The data >>
%%

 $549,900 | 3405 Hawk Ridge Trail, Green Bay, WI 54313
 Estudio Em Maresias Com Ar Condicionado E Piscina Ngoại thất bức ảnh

%%
%%

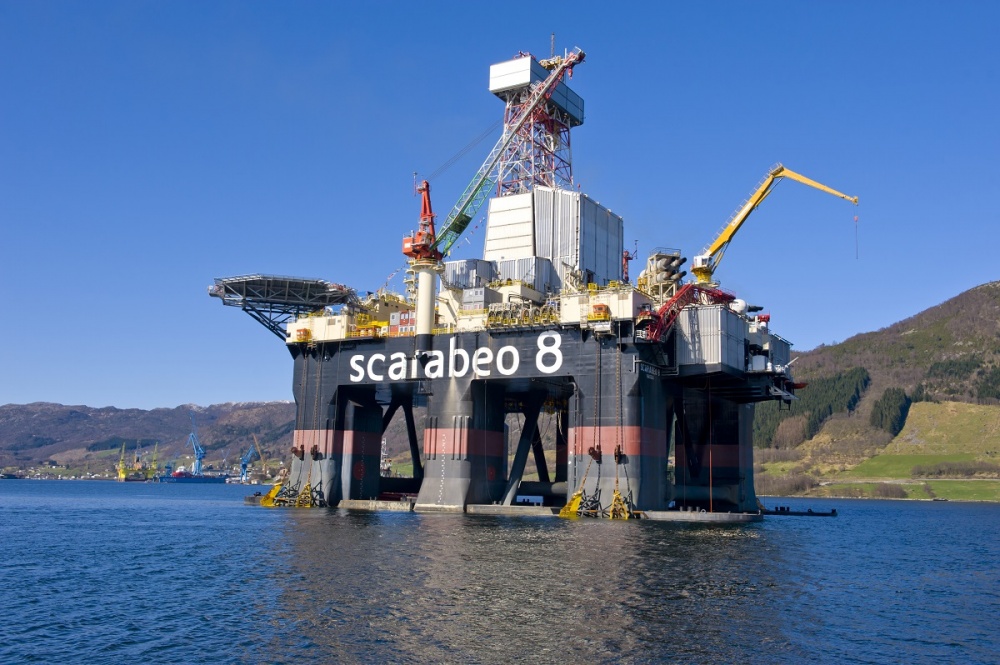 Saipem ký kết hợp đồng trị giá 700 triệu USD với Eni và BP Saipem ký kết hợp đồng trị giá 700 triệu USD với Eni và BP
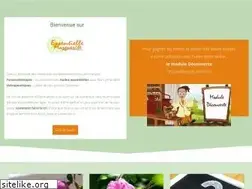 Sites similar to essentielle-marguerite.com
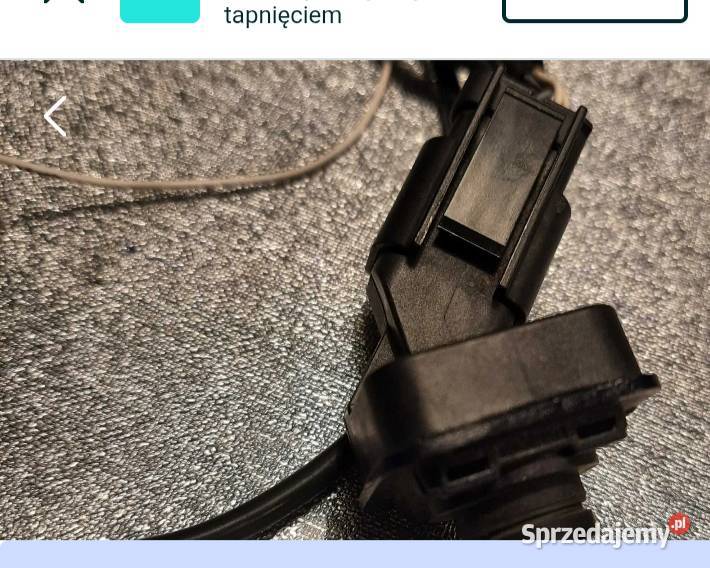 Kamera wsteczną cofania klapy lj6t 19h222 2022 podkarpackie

%%

Exercise prompt >>
Could you restate word for word the lines above, from the one that contains "Bay, WI 54313" through the one that contains "Estudio Em Maresias", and no others?

Reply >>
 $549,900 | 3405 Hawk Ridge Trail, Green Bay, WI 54313
 Estudio Em Maresias Com Ar Condicionado E Piscina Ngoại thất bức ảnh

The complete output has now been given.